→ How to complete this task
Line by line, please look for the word "Image" in the following records, then copy each line you find it in.

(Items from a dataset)
/---
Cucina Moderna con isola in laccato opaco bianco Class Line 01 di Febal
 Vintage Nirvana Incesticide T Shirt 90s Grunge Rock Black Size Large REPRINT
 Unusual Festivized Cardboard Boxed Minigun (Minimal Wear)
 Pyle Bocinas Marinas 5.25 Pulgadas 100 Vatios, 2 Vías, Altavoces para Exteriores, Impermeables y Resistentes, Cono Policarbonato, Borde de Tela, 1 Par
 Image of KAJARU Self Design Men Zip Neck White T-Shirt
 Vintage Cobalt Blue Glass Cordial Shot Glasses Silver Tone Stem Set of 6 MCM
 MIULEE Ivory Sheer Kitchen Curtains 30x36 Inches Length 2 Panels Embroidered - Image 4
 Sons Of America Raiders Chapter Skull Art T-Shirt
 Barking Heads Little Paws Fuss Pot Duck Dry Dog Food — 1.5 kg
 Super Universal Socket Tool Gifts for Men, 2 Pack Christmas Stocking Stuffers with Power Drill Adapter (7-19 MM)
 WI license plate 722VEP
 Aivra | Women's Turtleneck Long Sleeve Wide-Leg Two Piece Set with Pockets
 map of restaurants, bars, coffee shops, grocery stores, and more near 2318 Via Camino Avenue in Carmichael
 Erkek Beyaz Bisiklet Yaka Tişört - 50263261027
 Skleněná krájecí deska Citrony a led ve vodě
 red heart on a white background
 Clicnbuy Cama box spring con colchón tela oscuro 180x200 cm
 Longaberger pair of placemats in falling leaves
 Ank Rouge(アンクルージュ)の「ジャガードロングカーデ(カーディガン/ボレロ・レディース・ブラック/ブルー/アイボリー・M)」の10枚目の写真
\---
→ Response
 Image of KAJARU Self Design Men Zip Neck White T-Shirt
 MIULEE Ivory Sheer Kitchen Curtains 30x36 Inches Length 2 Panels Embroidered - Image 4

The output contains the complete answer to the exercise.